The maximum voltage out on the SNS pin is clamped to VSNSFH, which is the fault voltage level. To make sure that this voltage is not higher than the system can tolerate, TI has correlated the voltage coming in on the DIAG_EN pin with the maximum voltage out on the SNS pin. If DIAG_EN is between VIH and 3.3 V, the maximum output on the SNS pin is approximately 3.3 V. However, if the voltage at DIAG_EN is above 3.3 V, then the fault SNS voltage, VSNSFH, tracks that voltage up to 5 V. Tracking is done because the GPIO voltage output that is powering the diagnostics through DIAG_EN is close to the maximum acceptable ADC voltage within the same microcontroller. Therefore, the sense resistor value, RSNS, can be chosen to maximize the range of currents needed to be measured by the system. The RSNS value must be chosen based on application need. The maximum usable RSNS value is bounded by the ADC minimum acceptable voltage, VADC,min, for the smallest load current needed to be measured by the system, ILOAD,min. The minimum acceptable RSNS value has to ensure the VSNS voltage is below the VSNSFH value so that the system can determine faults. This difference between the maximum readable current through the SNS pin, ILOAD,max × RSNS, and the VSNSFH is called the headroom voltage, VHR. The headroom voltage is determined by the system but is important so that there is a difference between the maximum readable current and a fault condition. Therefore, the minimum RSNS value has to be the VSNSFH minus the VHR times the sense current ratio, KSNS divided by the maximum load current the system must measure, ILOAD,max. This boundary equation can be seen in Equation 12.

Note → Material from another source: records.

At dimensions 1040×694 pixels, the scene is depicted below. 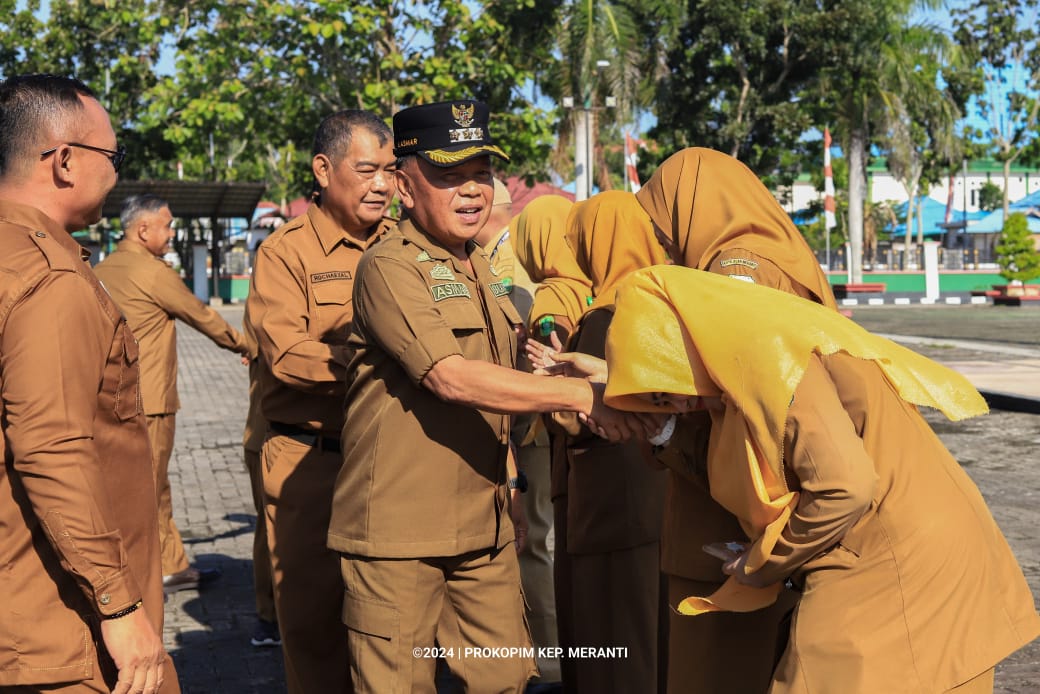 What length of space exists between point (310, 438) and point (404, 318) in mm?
1178

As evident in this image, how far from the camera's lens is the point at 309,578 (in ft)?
13.4

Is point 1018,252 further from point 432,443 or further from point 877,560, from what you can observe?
point 877,560

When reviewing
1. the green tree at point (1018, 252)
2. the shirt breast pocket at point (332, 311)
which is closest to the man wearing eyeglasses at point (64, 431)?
the shirt breast pocket at point (332, 311)

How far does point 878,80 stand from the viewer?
34469 millimetres

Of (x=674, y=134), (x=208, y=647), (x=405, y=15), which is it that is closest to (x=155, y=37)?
(x=405, y=15)

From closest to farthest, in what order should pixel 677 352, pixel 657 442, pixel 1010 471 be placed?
pixel 677 352
pixel 657 442
pixel 1010 471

Equation 1. (VSNSFH – VHR) × KSNS / ILOAD,max ≤ RSNS ≤ VADC,min × KSNS / ILOAD,min
Figure 8-2 Voltage Indication on the Current-Sense Pin

The maximum current the system wants to read, ILOAD,max, must be below the current limit threshold because after the current limit threshold is tripped the VSNS value goes to VSNSFH. Additionally, currents being measured must be below 6 A to ensure that the current sense output is not saturated.

Figure 8-3 Current-Sense and Current-Limit Block Diagram

Because this scheme adapts based on the voltage coming in from the MCU, there is no need to have a Zener diode on the SNS pin to protect from high voltages.